Malgré sa lecture mythologique, la légende d’Elias ne dresse pas l’amer constat d’un univers désenchanté qui doit se fuir dans la magie, et donc dans la fiction et le mensonge, pour se guérir, mais d’un univers qui a besoin de se refaire, par le mot, par la phrase, pour que se brise son reflet apparent et émerge sa réalité visible.

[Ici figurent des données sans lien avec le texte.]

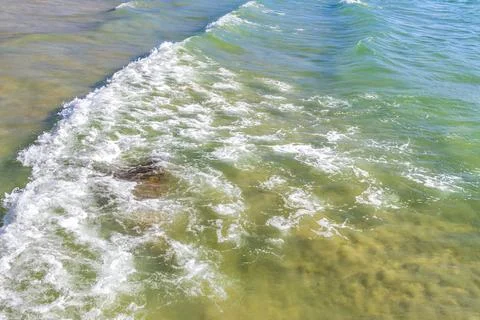 Clear turquoise blue waves wave water and beach sand Thailand. 写真素材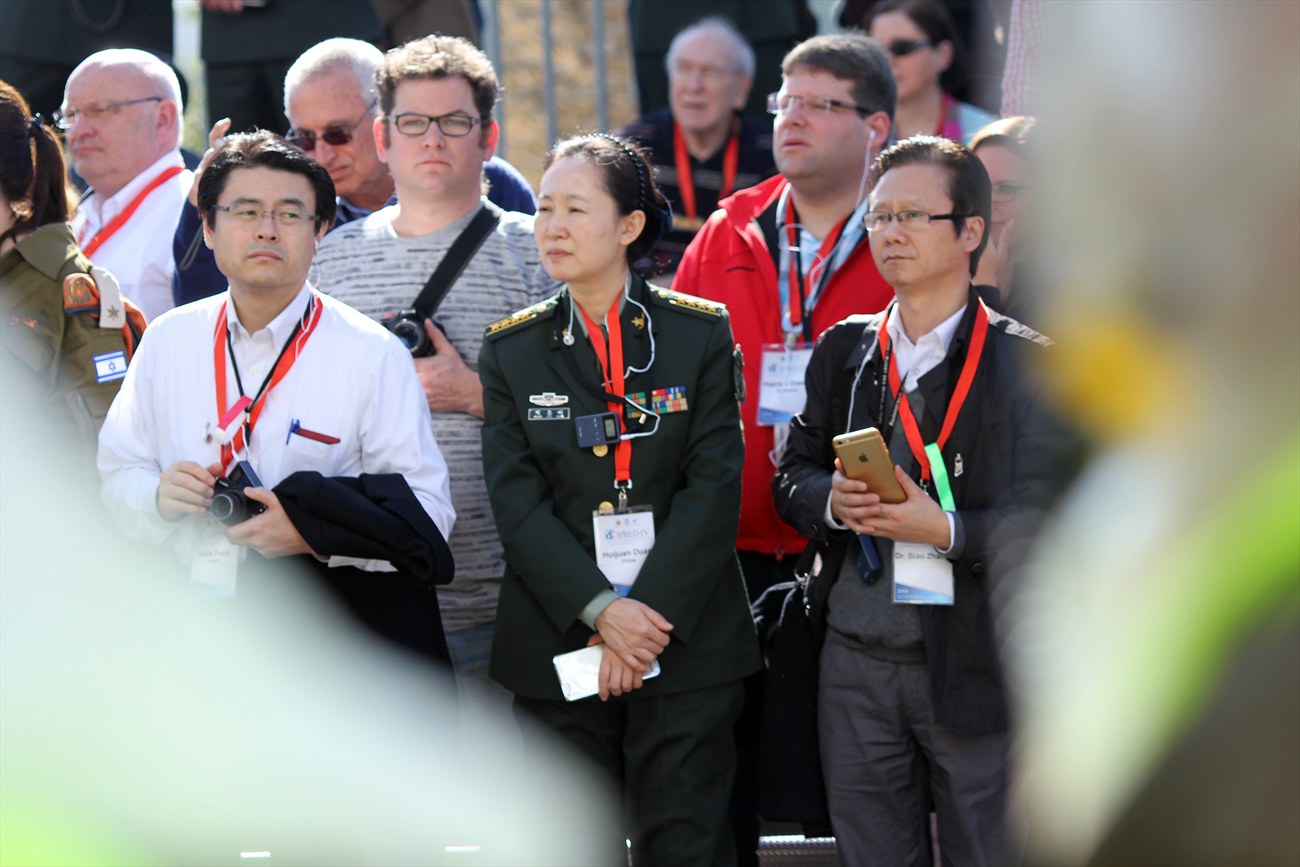 Delegates standing outdoors, lanyards around their necks.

Armé du vers, de la prose, du théâtre, et même de la musique, dans des chapitres souvent haletants (le chapitre du démon du jeu est vertigineux de virtuosité), parfois cocasses (les entrefilets d’articles de Libération sont hilarants, notamment l’interview d’un certain « Josué Bovin » sur le maïs transgénique), mais toujours poussés à un degré d’exigence stylistique peu commune, Pascal Bacqué fait un double-pari.
D’abord, en tant qu’écrivain, celui de l’intelligence de son lectorat, car la lecture de sa Légende est au départ assez ardue. Celui, ensuite, bien plus audacieux, en tant que poète, que ce monde, lieu où s’exerce puissance et violence, demeure encore mystérieux et en-chanté : l’homme peut encore y habiter en poète, et la terre être à nouveau terre pour lui, comme elle l’était à l’origine pour l’Adam primordial.
L’on suivra avec attention si les promesses esquissées seront tenues dans les tomes suivants avec le même souffle, à la fois épique et humble.
Alors, peut-être que, comme Harr von den Rose, ce sage idéal, ce père légendaire, bien dire une rose suffira à ne plus désespérer du monde et des hommes.